## WORK ORDER
As you print the data below, keep every line exactly as it is and leave the images behind.

--- SOURCE DATA ---

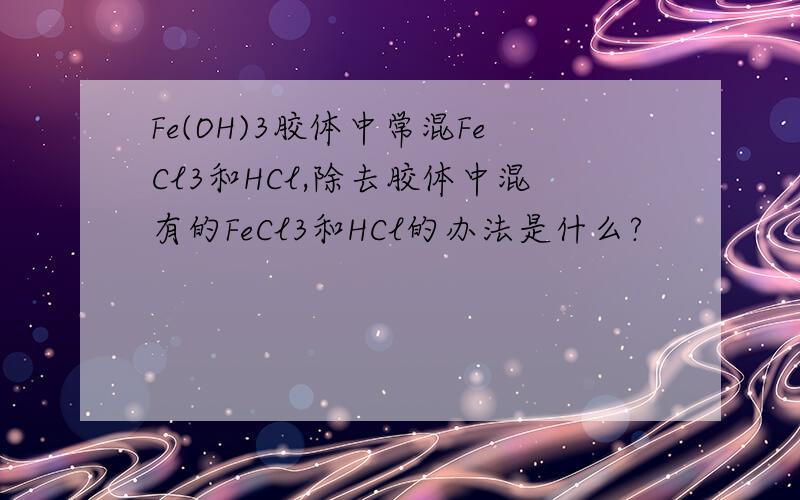 Fe(OH)3胶体中常混FeCl3和HCl,除去胶体中混有的FeCl3和HCl的办法是什么?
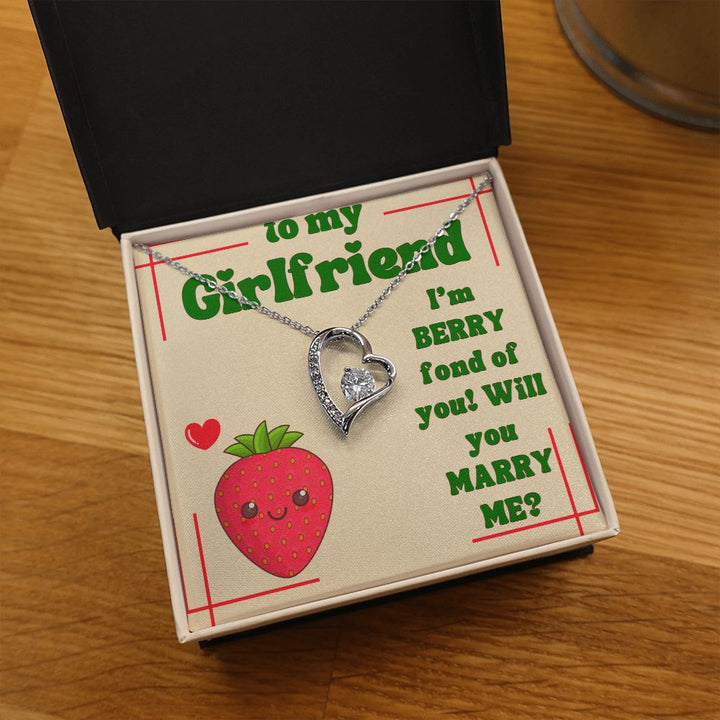 To My Girlfriend | I'm Berry fond of You! Will You Marry Me? - Forever Love Necklace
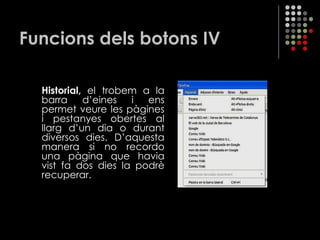 Funcions dels botons IV Historial,  el trobem a la barra d’eines i ens permet veure les pàgines i pestanyes obertes al llarg d’un dia o durant diversos dies. D’aquesta manera si no recordo una pàgina que havia vist fa dos dies la podrè recuperar.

---

## TASK ANSWER
 Fe(OH)3胶体中常混FeCl3和HCl,除去胶体中混有的FeCl3和HCl的办法是什么?
 To My Girlfriend | I'm Berry fond of You! Will You Marry Me? - Forever Love Necklace
 Funcions dels botons IV Historial,  el trobem a la barra d’eines i ens permet veure les pàgines i pestanyes obertes al llarg d’un dia o durant diversos dies. D’aquesta manera si no recordo una pàgina que havia vist fa dos dies la podrè recuperar.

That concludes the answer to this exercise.